Esto era, sin embargo, ocasional y aleatorio; no todos los árboles habían
dejado de brillar, no todas las luces se habían extinto; las bombillas rojas
que envolvían los tallos y las ramas brillaban con fuerza junto a aquellas que
el clima y el tiempo habían apagado. Al final del camino, aquel camino árboles
brillantes y árboles opacos, aquel camino de intermitentes destellos, el aroma
a tierra mojada se hacía más fuerte, como si al final del túnel de hojas y
ramas toda la tormenta se hubiese concentrado. Había allí faros inmensos que
apuntaban en dirección a las nubes, dando el protagonismo a las grandes gotas
que caían sobre las sombrillas, sobre la ropa, sobre los gorros de lana, sobre
los cabellos, sobre los cristales de los edificios vecinos; inundaban las
pequeñas aberturas en el cemento y arrastraban a ellas las hojas marchitas, la
basura acumulada a través de las horas lanzada allí por desconocidos. Nadie se
detenía a pensar, todos caminaban de prisa en busca de un refugio contra el
frío, contra la lluvia que aumentaba su intensidad con cada minuto, haciendo
rugir los tejados en donde las personas se guarecían. El exterior se vaciaba
lentamente, los árboles solitarios y las bancas de madera entraban a un segundo
plano mientras las bombillas morían con el pasar de los segundos, con el
contacto del granizo sobre los pequeños cristales rojos que se extinguían de un
lado a otro, que abandonaban la madera y el verdor, dejaban atrás su color para
romperse en el suelo. Pronto el único brillo era el de los edificios, el de los
faros que aún apuntaban al cielo; los árboles eran lo que eran antes de la
llegada de la noche, figuras rodeadas de alambres, llenas grietas en sus
troncos robustos y poseedoras de largas hojas colgando de sus ramas.

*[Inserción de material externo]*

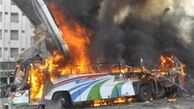 انفجار بمب ساعتی در اتوبوس پاکستانی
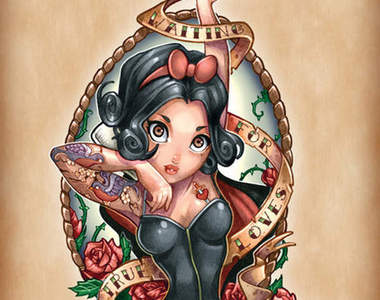 《迪士尼公主》紋身繪圖風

Caerían,
algún día, pero por el momento se quedarían allí, siendo el hogar del rocío
repentino que los ojos de todos querían ver. Más que las luces, era el brillo
de la lluvia causado por los faros aquello que llenaba las miradas en busca de claridad, eran las
gotas sobre las hojas aquello que deslumbraba a las miradas perdidas y
escondidas bajo los tejados, tras los cristales, bajo las sábanas; las mismas
gotas que arrastraban la basura, que sacudían las ramas, que se llevaban el polvo y la suciedad de las
avenidas, de los andenes, de las personas que bajo ellas corrían. Se deslizaba por el cemento aquello que no servía, y se perdía en el pozo inmenso que el tiempo había creado. Todo quedaba
limpio, y oscuro, a la espera de pintarse nuevamente con la luz del sol, la que
en unas horas sería la nueva protagonista cuando todos salieran de sus refugios a caminar bajo las nuevas luces de la noche.

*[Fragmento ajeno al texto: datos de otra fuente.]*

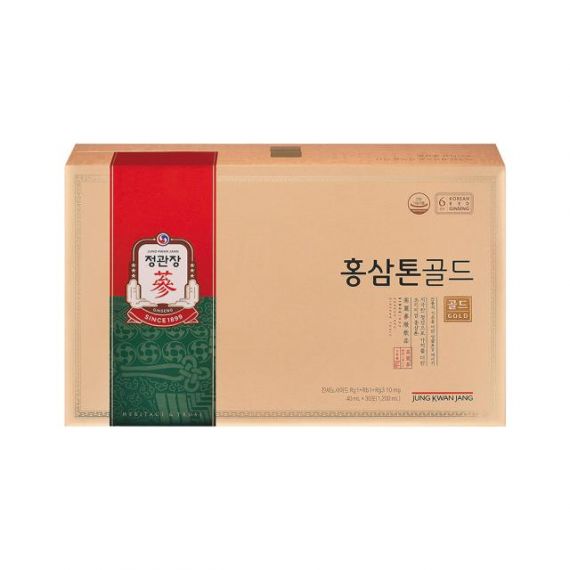 Nước hồng sâm Tonic Gold KGC Jung Kwan Jang 40ml x 30 gói | samtuoikorea.com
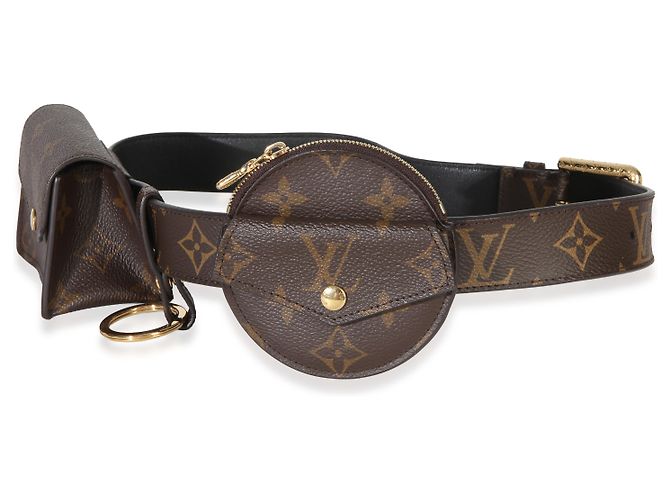 Louis Vuitton Monogram Canvas Daily Multi Pocket Gürtel Braun - Ansicht 3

miércoles, 21 de diciembre de 2016
Mal sueño
Las ventanas abriéndose, el aroma
de la brisa, el frío del suelo en un par de pies descalzos y los cortos pasos
por el pasillo, avanzando lentamente en la oscuridad de un lugar ya conocido.

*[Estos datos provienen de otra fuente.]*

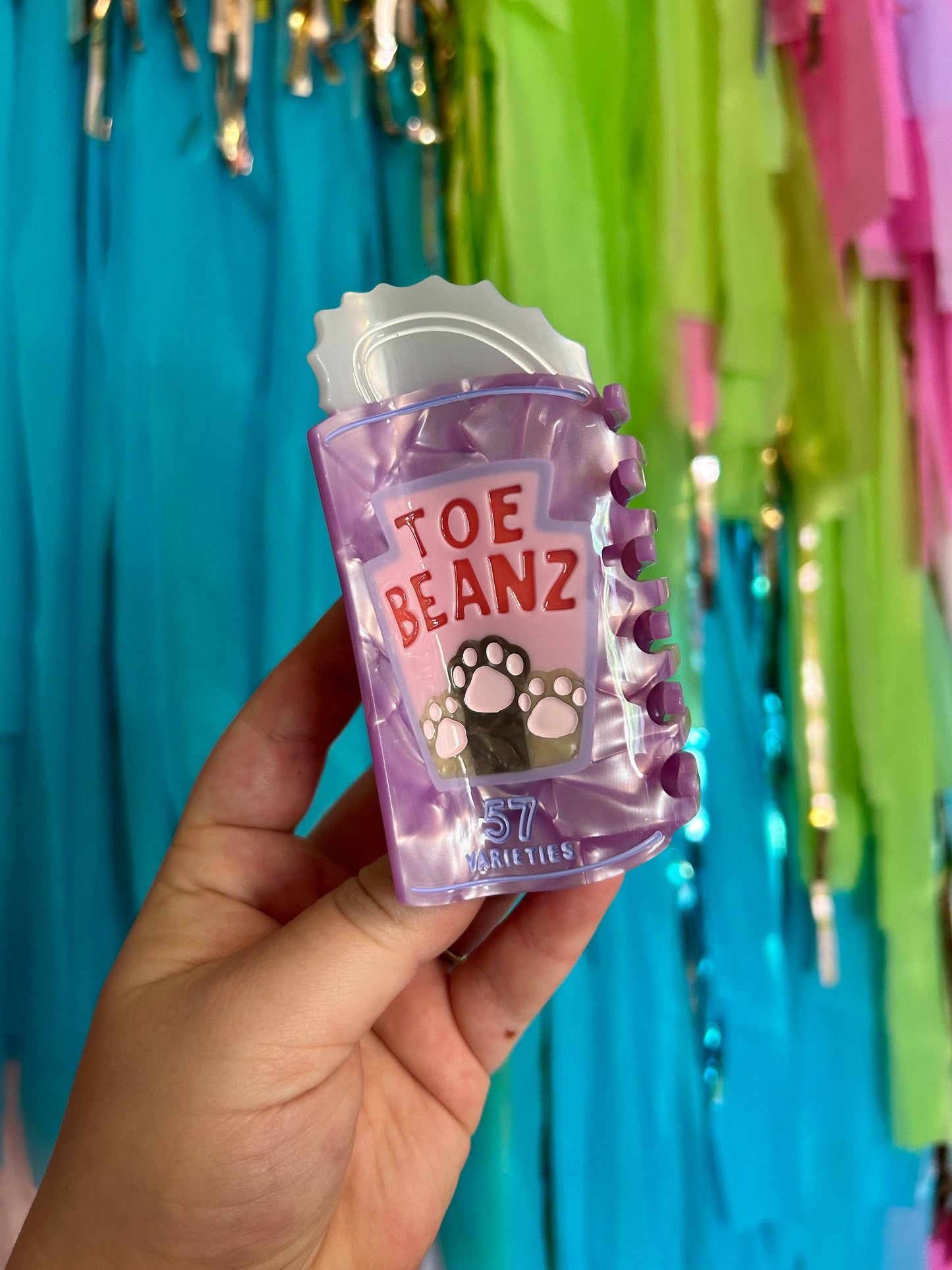 Toe Beans Hair Clip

Losas rojas, blancas, negras; colores en el suelo y el frío de nuevo, luego la
alfombra y la entrada al comedor. Una mesa tan antigua como los recuerdos lo
permiten, presente en cada uno de ellos en la misma posición, bajo el mismo
candelabro de cristal que con uno, dos, tres destellos puede iluminar toda la
habitación. Un mantel bordado por manos ajenas, imágenes de flores, de luces;
imágenes acordes a la época y al momento, acordes a las sensaciones que junto a
la mesa donde el mantel reposa nacen, viven. Tantas bocas junto al mantel,
tantas manos acariciando el suave algodón; familias enteras alrededor de un
círculo pequeño, inmenso en sus cabezas por tener el poder de reunirlos a todos
en un mismo lugar, a una misma hora y con una misma intención, la de
simplemente pasar una tarde cualquiera hablando del ayer, del hoy, del mañana
incierto que a cada persona en ese lugar le esperaba. Sobre la música también,
sobre las letras, política; amor, desamor, temas aleatorios mientras las horas
pasen y llega la noche, llega la luz del candelabro y el sonido de la puerta abriéndose,
los niños saliendo para jugar en las calles y no volver hasta más tarde, hasta
que sus cuerpos pidiesen agua y abrigo contra el frío. Volverían, y su risa
volvería a invadir de nuevo aquella casa de ladrillos marrones, en donde tantas
historias se comenzaron a escribir, en donde tantas historias comenzaron a
tomar forma a partir de borradores difusos y nebulosos. Es con el tiempo, con
los años, que aquellos borradores toman una forma más clara, salen de la niebla
en la que se ocultaban para mostrarse como lo que son, revelando entonces
palabras antes desconocidas, antes misteriosas, antes ajenas; propias ahora,
propias en el presente. Se opacan los colores, las lámparas titilan y entonces
todo parece cambiar de repente. El lugar lleno de polvo, de óxido, de niebla,
el lugar perdido en el tiempo que ya no existe, en donde la mesa ha
desaparecido y el candelabro yace en el suelo. Paredes rasgadas, muros caídos y
risas ausentes; el sonido de las llamas consumiendo la madera en un lugar
vecino, el sonido de las voces hostiles alrededor de un lugar antes lleno de voces
tan pacíficas, tan naturales. El tiempo, los días, los meses, los años; lo era
ya no es, un vaga alucinación, un simple mal sueño llegado con el sonido de la
lluvia, la primera en días, un balde de agua fría para despertar.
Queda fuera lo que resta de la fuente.